**Exercise prompt**
When a line in the material contains the word "sabotage", copy it.

Data records START

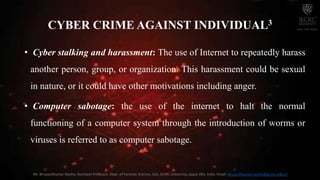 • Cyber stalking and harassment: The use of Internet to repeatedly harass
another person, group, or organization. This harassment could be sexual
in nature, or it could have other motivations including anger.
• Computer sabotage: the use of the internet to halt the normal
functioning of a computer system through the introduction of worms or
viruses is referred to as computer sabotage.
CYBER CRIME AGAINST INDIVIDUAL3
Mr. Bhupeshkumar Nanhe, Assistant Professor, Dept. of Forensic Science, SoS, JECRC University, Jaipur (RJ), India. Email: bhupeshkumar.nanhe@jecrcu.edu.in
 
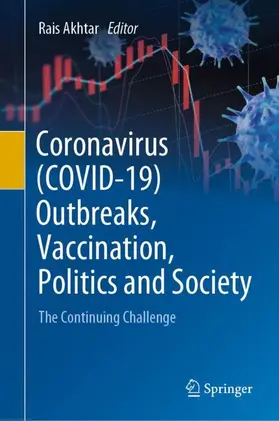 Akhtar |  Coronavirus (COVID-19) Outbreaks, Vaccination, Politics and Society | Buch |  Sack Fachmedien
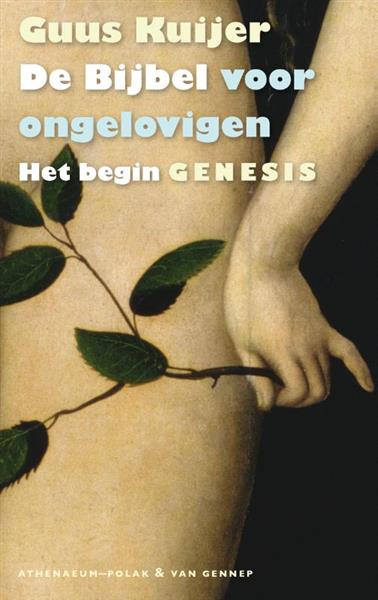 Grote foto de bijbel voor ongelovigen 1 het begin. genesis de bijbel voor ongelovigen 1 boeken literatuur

Data records END
Data records START

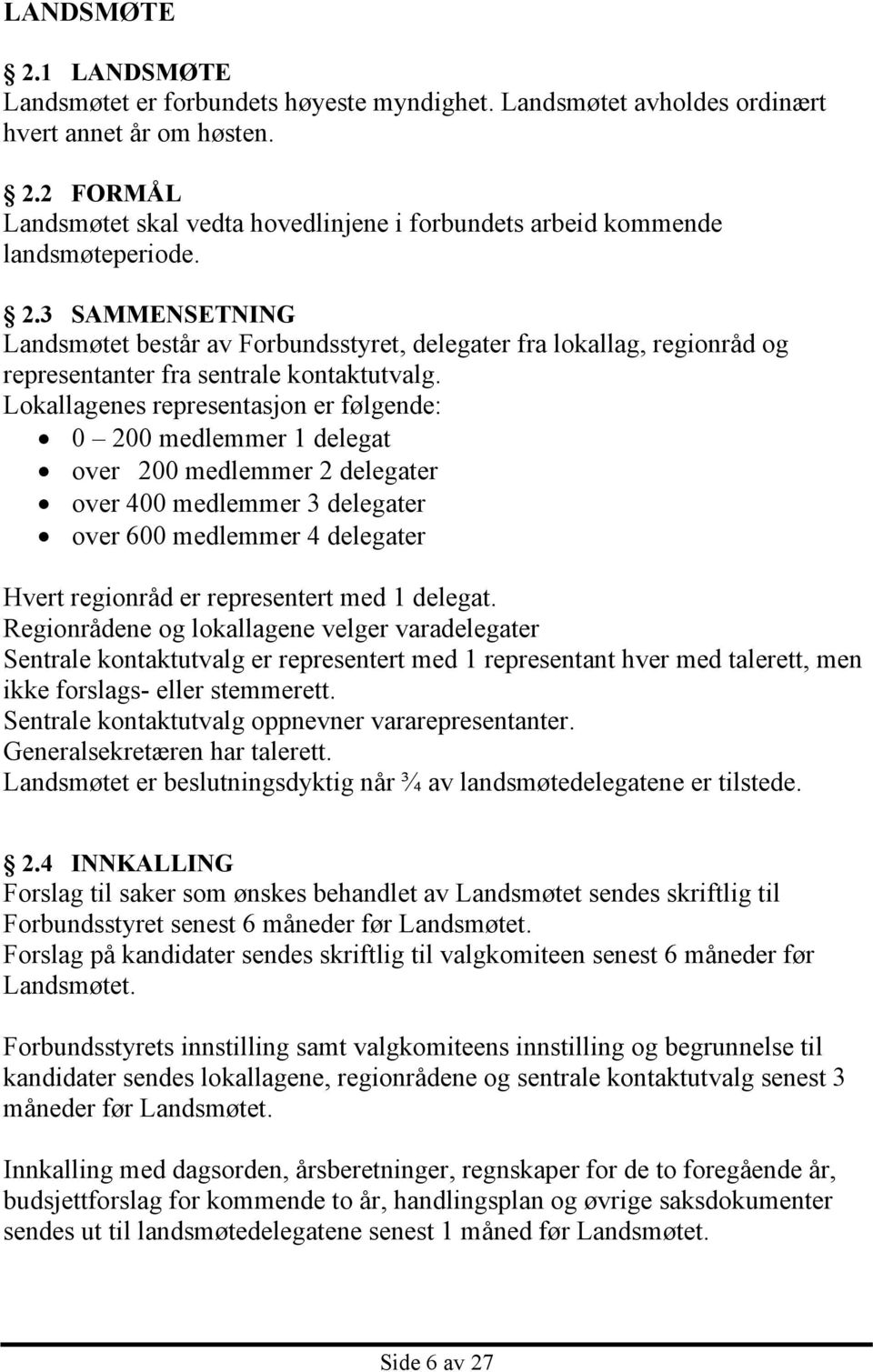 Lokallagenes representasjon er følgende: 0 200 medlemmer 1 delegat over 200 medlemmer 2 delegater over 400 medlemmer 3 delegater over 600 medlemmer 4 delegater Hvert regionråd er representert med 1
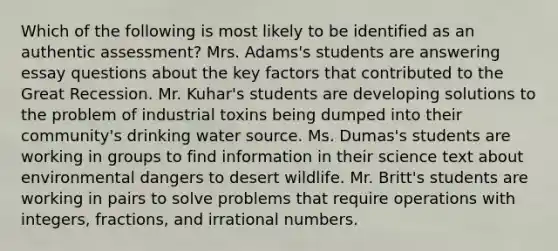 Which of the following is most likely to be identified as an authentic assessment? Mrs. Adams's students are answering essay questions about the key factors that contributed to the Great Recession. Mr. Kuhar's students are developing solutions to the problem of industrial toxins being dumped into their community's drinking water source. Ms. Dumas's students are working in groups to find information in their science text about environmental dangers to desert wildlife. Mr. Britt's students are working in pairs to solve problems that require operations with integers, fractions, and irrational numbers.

Data records END
Data records START

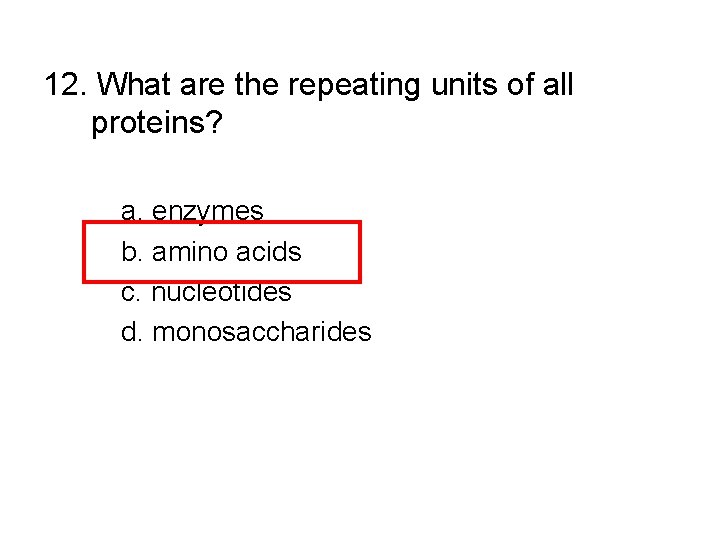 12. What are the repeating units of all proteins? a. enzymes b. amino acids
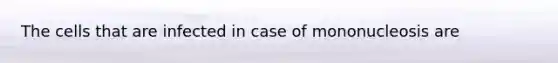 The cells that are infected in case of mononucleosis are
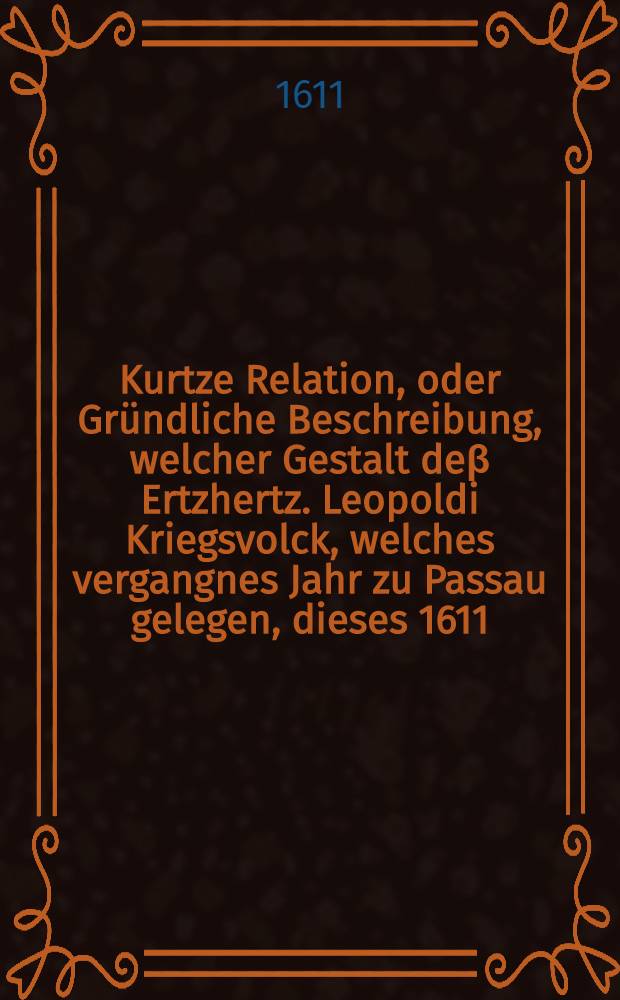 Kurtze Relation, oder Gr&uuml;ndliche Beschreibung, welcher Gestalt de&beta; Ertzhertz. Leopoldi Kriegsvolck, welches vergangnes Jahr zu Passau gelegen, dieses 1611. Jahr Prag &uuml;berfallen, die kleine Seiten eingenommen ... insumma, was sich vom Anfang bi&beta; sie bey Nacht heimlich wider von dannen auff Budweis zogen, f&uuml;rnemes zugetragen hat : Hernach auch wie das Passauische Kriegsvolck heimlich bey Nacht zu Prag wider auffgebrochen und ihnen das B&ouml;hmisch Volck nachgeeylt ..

Data records END

**Result**
• Computer sabotage: the use of the internet to halt the normal
viruses is referred to as computer sabotage.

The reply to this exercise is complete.